A year ago Friday, a series of gas explosions described by some as "Armageddon" shook the Merrimack Valley region — and the community is still recovering.
On Sept. 13, 2018, the pressure in Columbia Gas natural gas pipelines in Lawrence, Andover and North Andover climbed to 12 times higher than it should have been. The result: three explosions and structure fires across the three communities. The explosions killed a teen, injured more than two dozen other people, and affected more than 8,500 Columbia Gas customers.
It took months to replace gas lines and restore service to customers, many of whom were without gas as temperatures cooled and the holiday season inched near.
As of this summer — and after a lengthy court process — Columbia Gas agreed to pay a total of $143 million to settle class-action lawsuits brought by victims. Exactly how that money might be paid out is still unclear.
Here are some numbers to help explain what's happened over the last year:
80 — The minimum number of structure fires caused by the explosions.
18 — Age of the only person to die in the disaster, Leonel Rondon.
23 — Victims who were injured, excluding Rondon.
350 — Camping trailers that Columbia Gas brought in for customers to spend the night and stay warm. Many times, the trailers weren't at capacity but remained closed to the area's homeless.
50,000 — Pounds of turkey a Merrimack Valley restaurant gave out to families without gas on Thanksgiving.
6,100 — Service lines replaced in the gas restoration process.
11 — Weeks it took for Columbia Gas president Steve Bryant to change his mind about retiring.
$500 — What businesses can win each week in a small sweepstakes. It’s part of “Rock The Register,” an initiative to get people back to shopping in and supporting local businesses.

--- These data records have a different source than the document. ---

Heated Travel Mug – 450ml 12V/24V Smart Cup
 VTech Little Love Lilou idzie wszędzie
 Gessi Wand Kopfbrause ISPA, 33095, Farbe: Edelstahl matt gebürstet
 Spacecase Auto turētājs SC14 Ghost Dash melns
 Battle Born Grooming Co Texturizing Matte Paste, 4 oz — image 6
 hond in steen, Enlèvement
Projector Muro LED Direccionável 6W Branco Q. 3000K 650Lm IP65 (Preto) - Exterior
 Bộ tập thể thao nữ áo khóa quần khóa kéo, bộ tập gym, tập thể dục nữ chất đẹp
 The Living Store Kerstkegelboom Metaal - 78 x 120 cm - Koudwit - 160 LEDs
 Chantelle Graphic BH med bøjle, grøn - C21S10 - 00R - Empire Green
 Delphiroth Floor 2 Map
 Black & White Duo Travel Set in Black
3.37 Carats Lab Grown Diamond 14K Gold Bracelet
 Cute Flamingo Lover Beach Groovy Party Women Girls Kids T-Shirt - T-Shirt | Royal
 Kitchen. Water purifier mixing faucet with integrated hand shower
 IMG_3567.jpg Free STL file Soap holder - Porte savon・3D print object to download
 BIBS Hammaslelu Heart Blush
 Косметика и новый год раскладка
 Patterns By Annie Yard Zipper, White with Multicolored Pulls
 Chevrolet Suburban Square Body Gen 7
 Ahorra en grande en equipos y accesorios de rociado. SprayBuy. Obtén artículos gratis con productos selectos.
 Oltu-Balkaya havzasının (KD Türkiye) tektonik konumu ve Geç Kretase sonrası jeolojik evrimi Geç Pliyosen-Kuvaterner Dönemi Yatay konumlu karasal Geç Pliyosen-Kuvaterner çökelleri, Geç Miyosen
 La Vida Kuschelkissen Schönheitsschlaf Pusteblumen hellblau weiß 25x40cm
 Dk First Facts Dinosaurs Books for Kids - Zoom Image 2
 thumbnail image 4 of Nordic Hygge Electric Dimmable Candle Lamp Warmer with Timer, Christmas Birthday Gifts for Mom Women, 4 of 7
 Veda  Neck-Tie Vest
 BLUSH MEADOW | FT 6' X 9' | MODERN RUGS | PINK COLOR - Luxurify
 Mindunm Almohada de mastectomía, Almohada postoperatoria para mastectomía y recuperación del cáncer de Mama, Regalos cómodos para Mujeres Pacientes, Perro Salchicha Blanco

$143 million — How much Columbia Gas must pay to compensate victims of last year's natural gas explosions and fires in the Merrimack Valley.
700 — Abandoned service lines in the Merrimack Valley that will need compliance checks, Columbia Gas just announced. They said there are instances of noncompliance with Massachusetts requirements for abandoning the lines that they are working to fix.
70% — Portion of affected businesses that are now operating as they did before the explosions. About one-third of the businesses affected still need help getting back on their feet.